"Velaux.
Une fois n'est pas coutume, nous sommes retournés à Velaux pour revisiter les "Vacances de 36". L'occasion - qui fait le larron - de retrouver M. Lorrenzi.
Qui est M. Lorrenzi ?
Un capitaine de navire à la retraite qui ne parle plus - mais plus du tout ! - depuis cinq ans (calendrier en main). Les mauvaises langues racontent qu'il est rentré dans ce mutisme suite au décès de sa femme.

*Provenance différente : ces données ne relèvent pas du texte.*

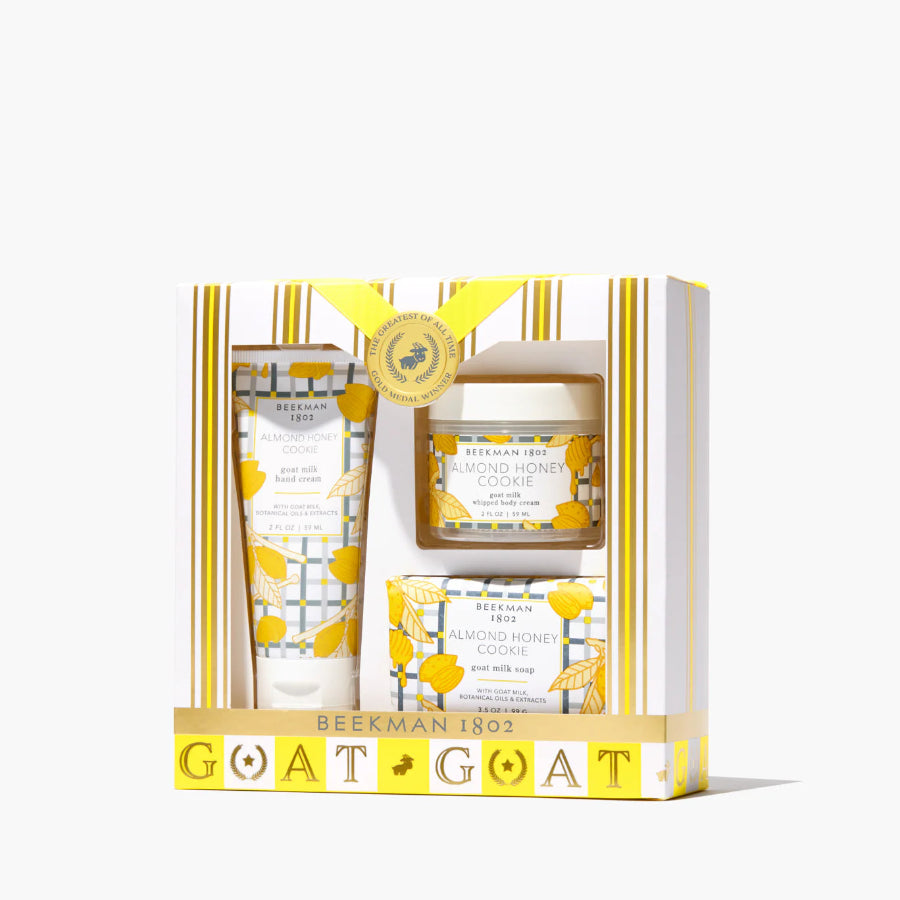 3 Piece Gift Set - Almond Honey Cookie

Il ne s'en serait pas remis et aurait décidé de la boucler.
Pour l'éternité.
Pourquoi pas, après tout. J'en connais - ils se reconnaîtront - qui la ferment pour moins que ça.
Passons.
Et revenons à nos moutons, pendant la représentation, M. Lorrenzi a retrouvé la parole. Il a dit - à la stupéfaction générale des spectateurs ! - cette phrase merveilleuse que je ne fais que citée : "Je me souviens."

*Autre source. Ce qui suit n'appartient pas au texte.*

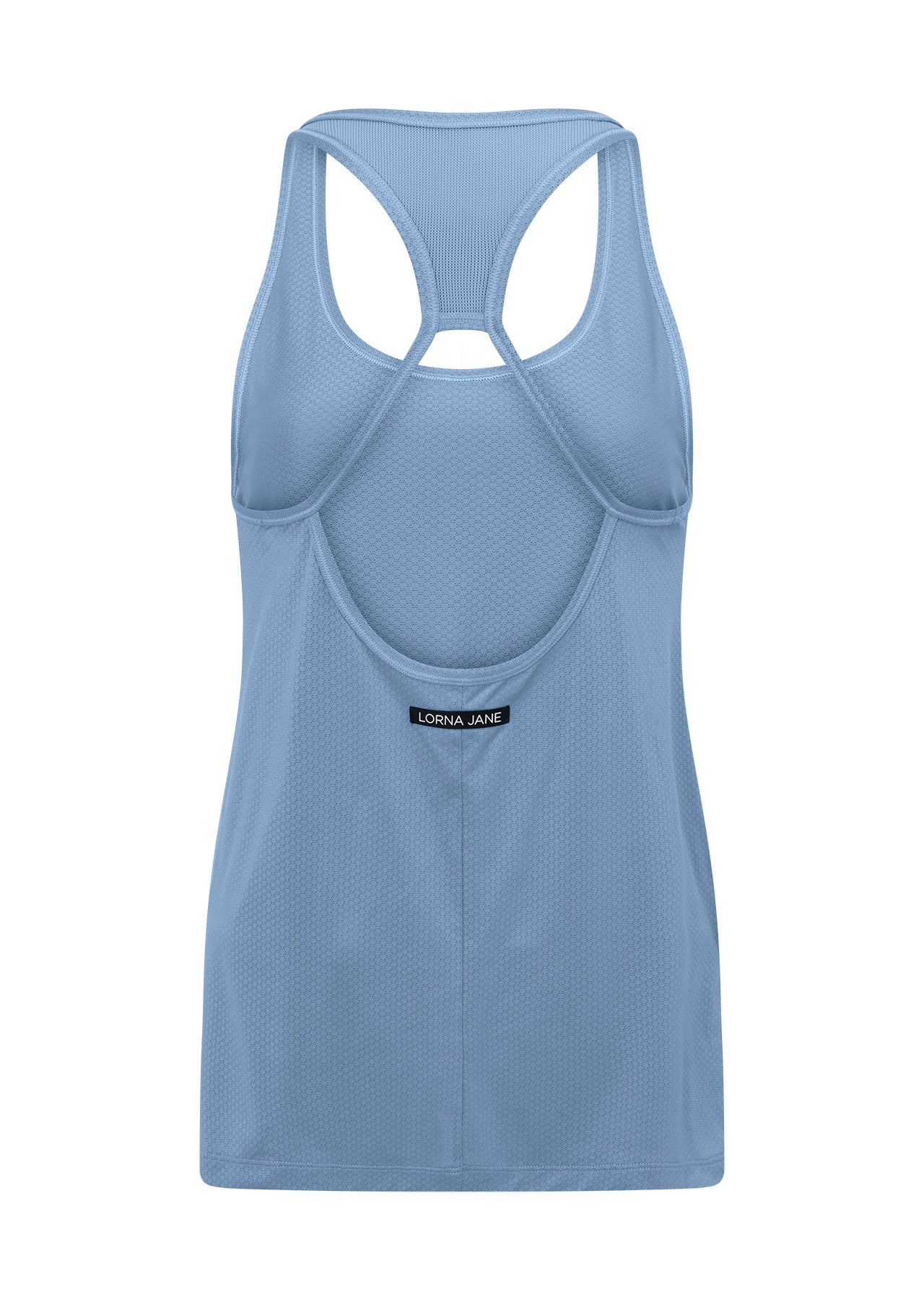 Lorna Jane Grab And Go Active Mesh Tank - Moontide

La suite ? Fanfare, trompettes, hautbois, cymbales et tambourins.
Pour situer, je m'en suis renversé mon petit vin blanc - qu'on boit sous les tonnelles... - sur le pantalon.
Littéralement cloué !
La raison de ce retour à la parole appartient aux faits divers.
Quand la langue de M. Lorrenzi s'est déliée, on évoquait les souvenirs de vacances qui ont marqué la mémoire collective. Les petits rendez-vous bucoliques, les premiers flirts, les châteaux de sable, les baignades, les bains de minuit, l'émotion des premiers baisers volés et j'en passe évidemment.

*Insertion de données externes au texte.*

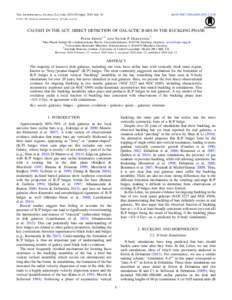 The Astrophysical Journal Letters, 825:L30 (6pp), 2016 July 10  doi:L30 © 2016. The American Astronomical Society. All rights reserved.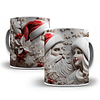 42 Artes para Caneca Papai Noel 3d Arquivo em Jpg  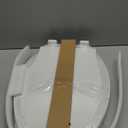 Hibbent Elongated Toilet Seat with Oval Cover, Soft Close Toilet Seat, Easy to Install,Never Loosen Hinge to Prevent Shifting, Non-slip Seat Bumpers and Easily Cleaning(White)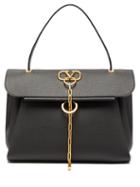 Matchesfashion.com Valentino - V Chain Medium Leather Bag - Womens - Black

Et bien figurez-vous qu'il n'en fallait pas plus pour que M. Lorrenzi se souvienne de Marcelle...
Ah Marcelle ! Son joli petit minois, son hanches larges, ses beaux gros tétés et son parfum délicat ("Soir de Paris de Bourgeois avec un J comme joie").
Bref, ni une ni deux, notre capitaine avait de nouveau vingt ans.
Détail : il se souvenait du souffle de la petite Marcelle contre sa nuque et de son joli coeur qui ne battait que pour lui...
Mieux : il n'avait plus qu'une envie, retrouver sa tendre sauvageonne - où qu'elle se trouve ! - et lui donner son amour.
La fin ? Badaboum et patatras, Alléluia, Hosannah, Allah est grand, God save the Queen...
Bienvenue à bord cher capitaine, vous avez retrouvé votre voix et nous pouvons repartir vers le grand large, vers les îles, ouf! on a eu chaud, on a contourné le récif.
Je m'embarque, nous gagnons la la cabine pour nous pourlécher les babines après avoir bu quelques bibines.
Oui mais non.
Notre capitaine n'avait plus de temps à perdre. J'entends encore son prénom glissé dans un murmure : "Ma tendre Marcelle."
M. Lorrenzi encore - à voix basse - : "Ma voyageuse, mon inconnue, ma frégate, mon Nouveau Monde, petite bise de l'Est , où es-tu tonnerre de Brest, mille milliards de mille sabords !"
Il s'est levé d'un coup.
- Bonsoir M. Iglesias.
Il m'a coupé la parole et a filoché à travers la résidence comme s'il avait un essaim de guêpes dans le pantalon...
J'ai tenté de le suivre à grandes enjambées mais il m'a semé dès la grille franchie...
En quittant Velaux, le vent a poussé une longue rafale sableuse qui a fouetté la voiture. Le ciel était dégagé et, malgré que la nuit fût encore loin et le pare-brise crasseux, j'ai distingué les premières étoiles.
Pourquoi ? Je l'ignore. Peut-être parce que je me souvenais que M. Lorrenzi avait lancé - en partant ! - cette phrase lapidaire :
- On oublie le dernier rêve, on se remémore toujours le premier amour.